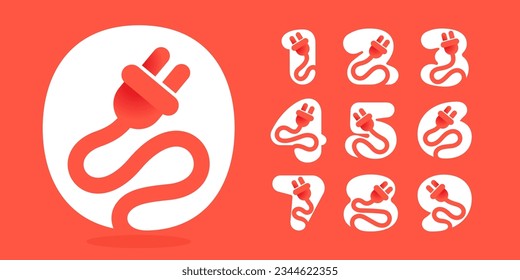 0 to 9 logos. Numbers set with electrical plug logo. Negative space technology icon. Power energy concept. Vector for electric vehicle identity, eco-friendly hybrid cars, charging point, accessories.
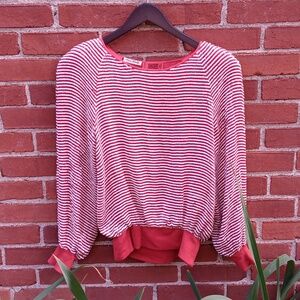 VTG Vintage valentino red white sequined striped blouse Amen Wardy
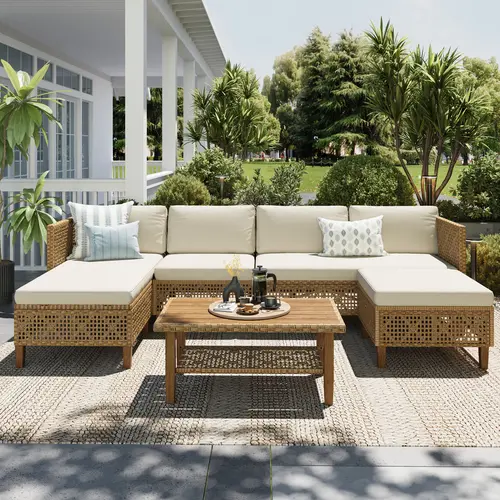 【1/2 Packages Shipping】PHIVILLA Outdoor Wicker Patio Conversation Furniture Set with Acacia Wood Coffee Table Includes Patio Table and Storage Sofa Lounge Classic Durable Rattan Style,TikTokShopBackToSchool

○ ○ ○

> WORK ITEM
From the first line above through the line containing "VTG Vintage valentino", copy everything exactly, without the pictures.

> PROBLEM SOLUTION
 0 to 9 logos. Numbers set with electrical plug logo. Negative space technology icon. Power energy concept. Vector for electric vehicle identity, eco-friendly hybrid cars, charging point, accessories.
 VTG Vintage valentino red white sequined striped blouse Amen Wardy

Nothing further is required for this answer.